Which of the lines below include "Cover"? Each one should be copied out.

[Opening Dataset records section]

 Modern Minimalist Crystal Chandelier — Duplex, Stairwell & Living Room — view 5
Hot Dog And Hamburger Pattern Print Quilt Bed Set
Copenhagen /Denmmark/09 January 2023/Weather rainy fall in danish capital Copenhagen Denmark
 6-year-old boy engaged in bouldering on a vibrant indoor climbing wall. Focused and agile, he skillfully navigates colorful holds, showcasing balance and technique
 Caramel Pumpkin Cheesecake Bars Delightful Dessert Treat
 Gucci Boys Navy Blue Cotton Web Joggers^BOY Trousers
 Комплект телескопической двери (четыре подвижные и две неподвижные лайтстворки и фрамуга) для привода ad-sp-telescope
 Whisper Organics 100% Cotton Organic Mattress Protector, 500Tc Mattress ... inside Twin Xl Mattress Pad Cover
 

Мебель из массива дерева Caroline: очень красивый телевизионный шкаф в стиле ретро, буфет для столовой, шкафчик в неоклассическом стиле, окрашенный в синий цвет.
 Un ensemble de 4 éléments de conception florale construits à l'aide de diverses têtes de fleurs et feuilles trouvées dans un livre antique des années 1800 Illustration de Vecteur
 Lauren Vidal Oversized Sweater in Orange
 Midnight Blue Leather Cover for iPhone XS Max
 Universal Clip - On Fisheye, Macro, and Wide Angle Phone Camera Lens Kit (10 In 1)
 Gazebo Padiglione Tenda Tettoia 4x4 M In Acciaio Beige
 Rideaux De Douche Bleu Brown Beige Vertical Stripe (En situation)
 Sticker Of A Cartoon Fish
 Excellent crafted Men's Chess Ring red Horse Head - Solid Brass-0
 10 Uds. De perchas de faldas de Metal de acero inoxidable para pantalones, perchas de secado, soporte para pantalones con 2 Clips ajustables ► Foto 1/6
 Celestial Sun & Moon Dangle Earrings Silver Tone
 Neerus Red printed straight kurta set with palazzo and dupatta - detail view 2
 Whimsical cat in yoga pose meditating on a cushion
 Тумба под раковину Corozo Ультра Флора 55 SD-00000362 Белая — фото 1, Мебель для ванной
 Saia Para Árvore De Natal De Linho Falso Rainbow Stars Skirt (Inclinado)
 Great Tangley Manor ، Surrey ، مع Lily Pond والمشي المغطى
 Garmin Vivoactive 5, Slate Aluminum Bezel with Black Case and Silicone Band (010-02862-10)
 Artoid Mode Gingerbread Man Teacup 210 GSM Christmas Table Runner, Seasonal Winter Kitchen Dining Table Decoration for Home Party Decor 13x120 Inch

[Closing Dataset records section]

__Task result__:
 Whisper Organics 100% Cotton Organic Mattress Protector, 500Tc Mattress ... inside Twin Xl Mattress Pad Cover
 Midnight Blue Leather Cover for iPhone XS Max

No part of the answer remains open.